Die Zahl der Arten nimmt nicht gleichmäßig zu, wenn man sich von kleinen Ökosystemen zu kontinentalen Maßstäben bewegt – dieses Phänomen ist in der Ökologie seit Jahrzehnten bekannt. Jetzt hat ein internationales Forschungsteam unter Beteiligung des Deutschen Zentrums für integrative Biodiversitätsforschung (iDiv) und der Martin-Luther-Universität Halle-Wittenberg (MLU) eine neue Theorie entwickelt, welche die drei Phasen erklärt, die typisch sind für die Verteilung der Arten im Raum.
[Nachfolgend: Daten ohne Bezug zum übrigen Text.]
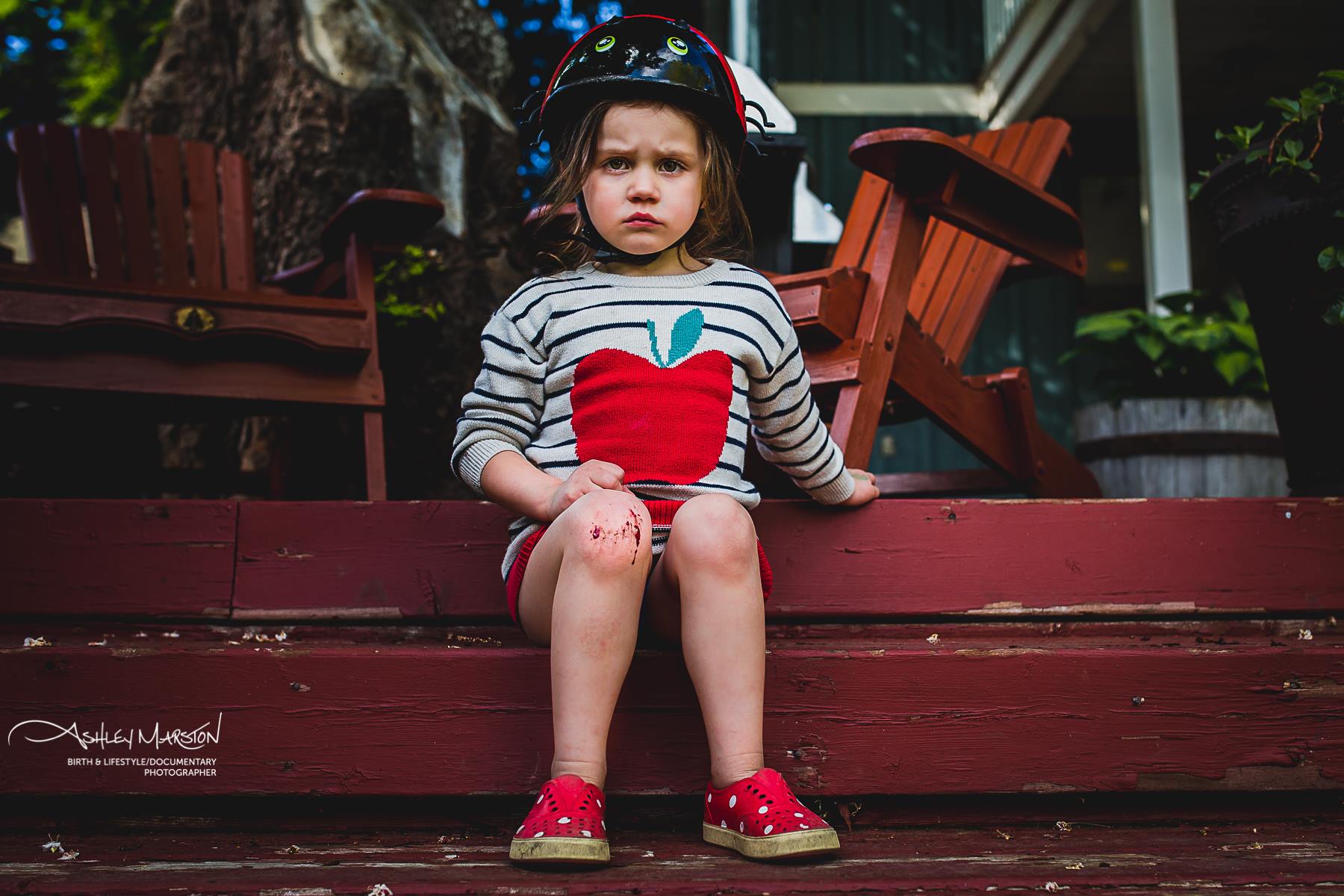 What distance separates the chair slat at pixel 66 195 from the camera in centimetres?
279

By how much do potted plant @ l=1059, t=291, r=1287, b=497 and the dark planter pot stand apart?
1117 millimetres

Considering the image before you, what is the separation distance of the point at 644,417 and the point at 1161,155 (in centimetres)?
371

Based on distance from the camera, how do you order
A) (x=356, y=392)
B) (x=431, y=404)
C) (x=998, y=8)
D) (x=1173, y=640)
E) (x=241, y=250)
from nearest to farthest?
(x=1173, y=640)
(x=356, y=392)
(x=241, y=250)
(x=431, y=404)
(x=998, y=8)

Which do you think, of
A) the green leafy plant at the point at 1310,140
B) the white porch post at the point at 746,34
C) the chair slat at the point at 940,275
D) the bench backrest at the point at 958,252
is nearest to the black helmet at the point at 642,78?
the green leafy plant at the point at 1310,140

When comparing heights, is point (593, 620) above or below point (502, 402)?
below

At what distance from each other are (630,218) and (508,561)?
0.55 meters

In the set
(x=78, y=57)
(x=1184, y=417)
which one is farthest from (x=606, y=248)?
(x=78, y=57)

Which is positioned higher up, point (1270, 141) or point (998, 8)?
point (998, 8)

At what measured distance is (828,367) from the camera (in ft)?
7.16

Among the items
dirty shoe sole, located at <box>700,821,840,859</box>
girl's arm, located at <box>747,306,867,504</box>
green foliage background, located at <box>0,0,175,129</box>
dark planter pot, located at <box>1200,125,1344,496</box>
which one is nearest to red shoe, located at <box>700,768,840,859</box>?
dirty shoe sole, located at <box>700,821,840,859</box>

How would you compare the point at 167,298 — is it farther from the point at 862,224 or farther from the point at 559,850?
the point at 862,224

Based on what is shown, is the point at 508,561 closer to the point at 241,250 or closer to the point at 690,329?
the point at 690,329

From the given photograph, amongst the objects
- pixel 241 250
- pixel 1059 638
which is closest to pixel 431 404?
pixel 241 250

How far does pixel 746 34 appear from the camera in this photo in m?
5.91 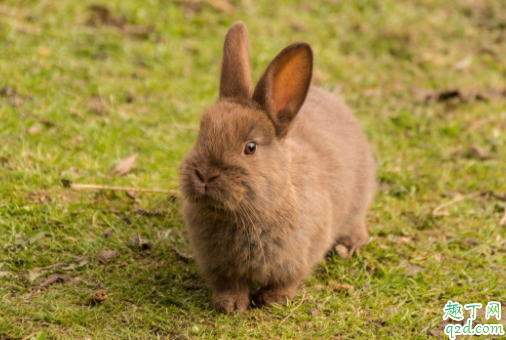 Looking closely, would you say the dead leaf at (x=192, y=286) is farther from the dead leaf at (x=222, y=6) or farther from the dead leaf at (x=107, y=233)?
the dead leaf at (x=222, y=6)

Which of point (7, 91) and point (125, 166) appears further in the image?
point (7, 91)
Die Veröffentlichung in der Fachzeitschrift Nature Communications könnte helfen abzuschätzen, wie viele Arten durch die Zerstörung von Lebensräumen verloren gehen.
Je weiter man sich von einem kleinen Lebensraum zum kontinentalen Maßstab bewegt, desto größer wird die Zahl der Arten. So mag man in einem Dorfteich nur eine Handvoll Amphibienarten finden; doch je größer die betrachtete Fläche wird und Flüsse und Sümpfe mit einschließt, desto mehr Frösche, Kröten und Salamander kommen hinzu, bis man schließlich bei mehreren Hundert oder Tausend Arten auf kontinentaler oder interkontinentaler Ebene landet.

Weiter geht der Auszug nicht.